«¿De qué recuerdos quieren que me olvide?/¿Qué huída me proponen, temerosa?/
¿De qué peligros dicen que me cuide/ si tengo los del verso y de la prosa?»
H.R.M.
Horacio Rega Molina parece haber elegido destinos que le aseguraran un preferible olvido. Cuando en los años veinte los poetas «ultra» se burlaban de Lugones, Rega Molina lo tomó como maestro. Mientras las vanguardias desmantelaban el ensamblaje retórico de la tradición, él se aplicó al metro, a la rima y a una poesía de equilibrio y acabado clásicos.
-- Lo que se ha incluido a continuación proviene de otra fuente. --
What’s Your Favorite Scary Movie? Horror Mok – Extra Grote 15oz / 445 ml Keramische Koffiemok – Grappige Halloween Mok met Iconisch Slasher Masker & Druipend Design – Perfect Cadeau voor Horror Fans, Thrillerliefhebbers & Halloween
En los últimos años de su vida, los que siguieron a la revolución libertadora, quiso seguir siendo peronista, murió en 1957.
Para los profesores que se ocupan del canon de la universidad o para las costumbres de la violencia política argentina -desde siempre con un brazo en la literatura-, cualquiera de estas conductas se hubiera percibido como un estorbo. Las tres juntas en un provinciano llegado de San Nicolás de los Arroyos parece haber sido demasiado, conoció el descrédito y la callada proscripción. Detrás estaba uno de los poetas que con mayor encanto e ingenio verbal rimó en nuestro país:
«Y de pronto, sin que me lo explicase,
me oprimió esa orfandad que se revela
en un niño que ve, desde la clase,
oscurecer el patio de la escuela.»
No pocos lazos habrá sentido con la melancólica suerte del mago «Maese Ubís», personaje de uno de sus poemarios de la década del treinta. A menudo la música para piano de Mozart parece acontecer en un ámbito infantil, en un infinito «Children’s corner», sin embargo ningún niño podría comprenderla verdaderamente. Lo mismo sucede con las leves cuartetas que este mago habita y con buena parte de la obra de Rega Molina. En los versos de El solterón, Lugones había hecho rimar la difícil palabra frac con un pensativo busto de Balzac; en el poema de hoy la encontramos armonizando con un apropiado clac, vale decir, sombrero de copa.
Desde hace algún tiempo, en un barrio del sur de Buenos Aires, una plazoleta que ni siquiera merece ese apelativo ha merecido ser llamada como nuestro poeta. Es un triángulo sin proporciones, árido e inhospitalario. En la mal pegada calcomanía del cartel nadie tuvo el cuidado de escribir de modo correcto su nombre.
Alegoría del ilusionista sin ilusiones
(compendio)
«Entre ferias y barracones
alumbrados con arcos de gas,
se ha quedado sin ilusiones
ilusionando a los demás.
Ahora, en una habitación
cuelga del clavo el viejo clac
y extiende el frac de la función.
-Dios tenga piedad de su frac.
Maese Ubís se hace llamar,
y ha recorrido el mundo entero
sacando y echando a volar
veinte palomas del sombrero.
Y como si esto fuera poco
tuvo su drama pasional,
porque casi se vuelve loco
por una excéntrica teatral.
La Imperialito se llamaba
aquella flor de las candelas,
cuyo cuerpo relampagueaba
en un traje de lentejuelas.
Ambos carecen de cartel,
aunque les queda, todavía,
el farolito de un hotel
de tercera categoría.
Mese Ubís y el aposento
son un modelo de prudencia,
pues no mezclan su aburrimiento
ni confunden su indiferencia.
La alcoba alterna su existir,
con una frialdad ejemplar,
entre el que acaba de partir
y el que está próximo a llegar.
Y tiene el mismo aire neutral
que adopta el patrón o el portero
si en la pieza número tal
se ha suicidado un pasajero.
Maese Ubís tiene el aspecto
de esas personas que figuran
en las páginas de un prospecto
donde todos los males se curan.
El, en verdad, ya está curado,
y en una forma bien simplista:
hoy es un desilusionado
y antes era un ilusionista.
Por eso, en una habitación
cuelga del clavo el viejo clac
y extiende el frac de la función.
-Dios tenga piedad de su frac.
La muerte no le desespera
como vivir no le ilusiona,
pues sabe que, cuando muera,
le harán de naipes la corona.
Mas también puede darse el caso
que lo abandonen a su suerte
las cuatro familias del mazo.
-Dios tenga piedad de su muerte.»
«Azul de mapa», (M. Gleizer editor), Buenos Aires, 1931.